Who do you say that I am?
These haunting words of Jesus are not for the faint of heart or those easily swayed by the opinions of others. They are moving words directed to each and every one of us, asking us to individually declare who we believe Jesus to be.
Today in our Gospel reading, Jesus first asks the disciples, “Who are the people saying I am?” Jesus is given multiple responses by the disciples demonstrating a variety of opinions and understandings. However, Jesus isn’t satisfied with these answers and I believe it has less to do with what they were and more with the fact these responses were not personal to the disciple’s understandings. They were catch phrases or "feel good answers" that seemed to be good enough. The disciples were essentially repeating what others had said. They were not thinking for themselves. Our Gospel says that Jesus then “pressed them.” He stared them straight in the eye and said, “How about you?”
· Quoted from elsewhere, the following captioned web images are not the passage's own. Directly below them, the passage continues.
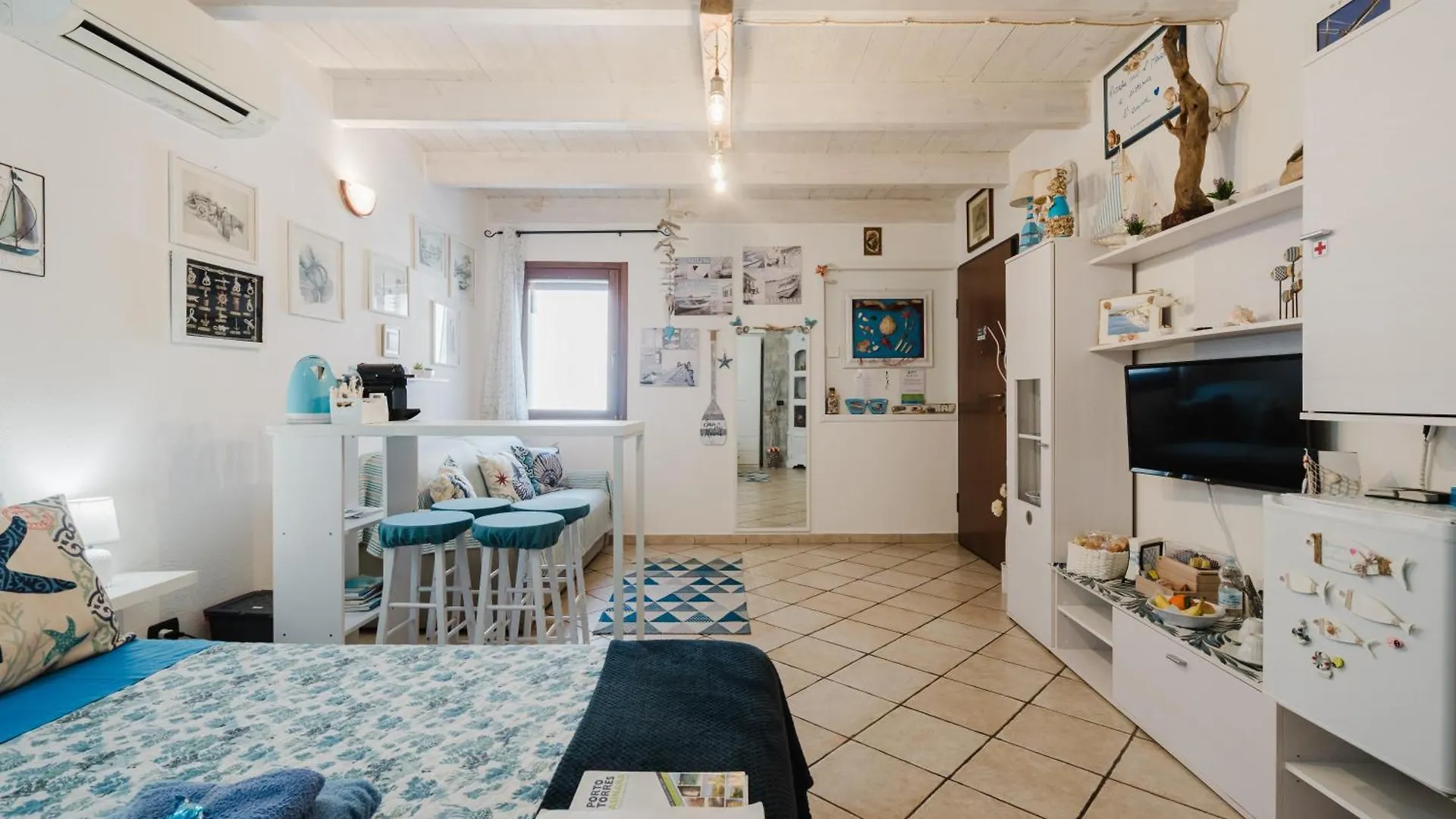 Bed and Breakfast Il Posto Nascosto Porto Torres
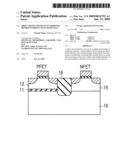 DIRECT BOND SUBSTRATE OF IMPROVED BONDED INTERFACE HEAT RESISTANCE diagram and image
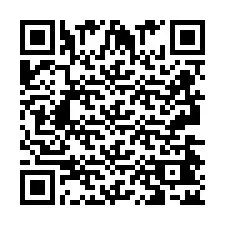 QR Code for Phone number +2693442514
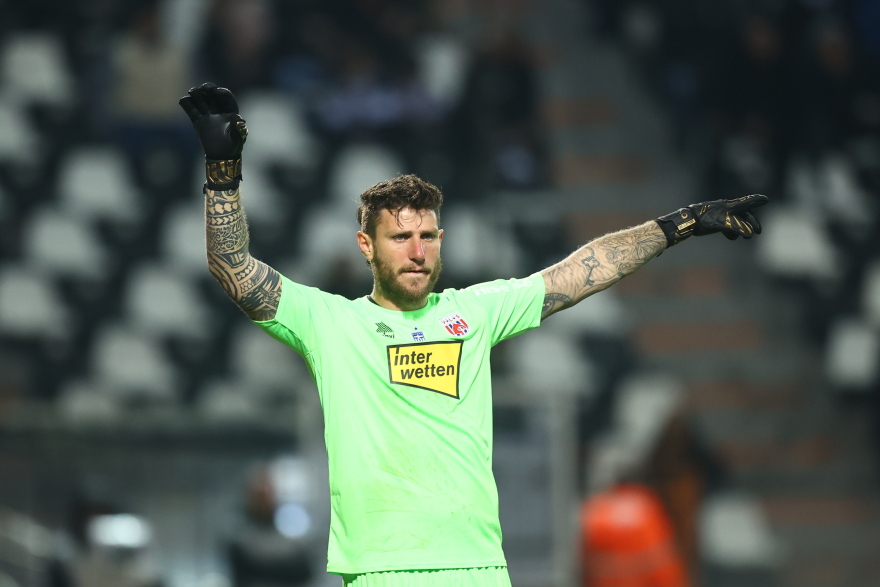 Μπόρις Κλέιμαν: Πατέρας τριών παιδιών ο γκολκίπερ του Βόλου που κατηγορείται για βιασμό Βελγίδας μαθήτριας - Η ζωή και η καριέρα του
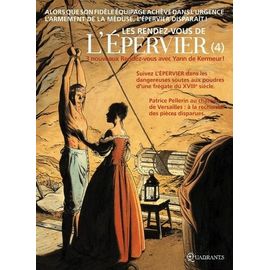 Les Rendez-Vous De L'epervier Tome 4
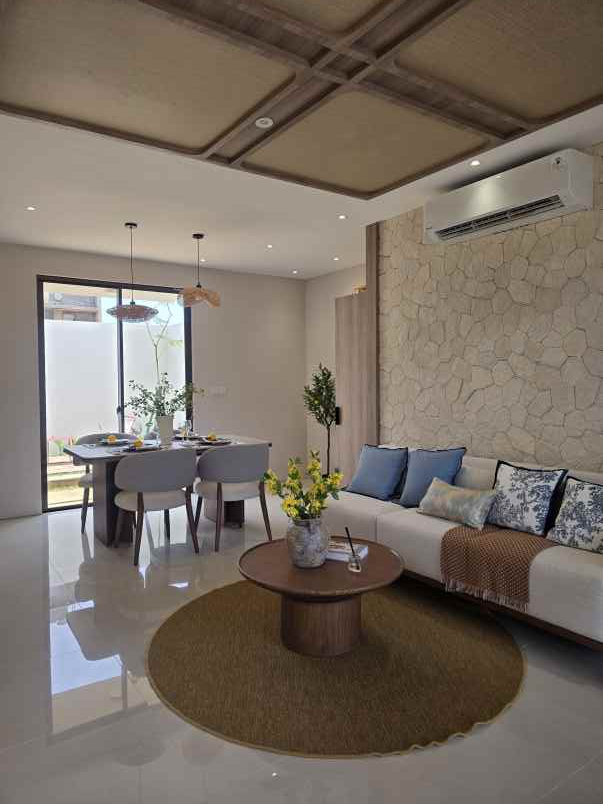 rumah 2 lantai di sentul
Imagine the silence that probably came over the disciples for a moment or two. They had walked and talked with this man for many months now. They knew his eating and sleeping habits. They knew his bathroom habits! They knew his demeanor and perhaps, just perhaps, even his flaws. They had witnessed unexplained phenomenon and heard his teaching to love in extravagant and almost impossible ways. But today Jesus looks at them and demands an answer to the question, “Who am I?”
Peter finally speaks up and declares Jesus to be the anointed one, the Messiah or the Christ. He claims Jesus to be the child of the living God. Much of Judaism had held the belief that one-day an individual would appear that would become both the governmental and spiritual leader of all God’s people. Peter found this individual, this incarnate hope, to be fulfilled in the one he called Rabbi or teacher, the one named Jesus.
Jesus blesses Peter and explains that Peter could only come to this conclusion with the help of the Creator. It is only through Peter’s relationship with God, that Peter can understand who Jesus is for himself. Peter’s understanding of Jesus was not received from books or dogmas or claims of others but rather through his own personal faith and encounter with God. Faith is personal! This is something we tend to forget in the church and in our society. We are inundated with claims of what and who Jesus and God are. We are told how we must live and what is a sin and what is not a sin. We are told how to be Christians and what fails to make us Christians. But rarely do we stop and hear the question of Jesus being asked of ourselves: “Who do you say I am?”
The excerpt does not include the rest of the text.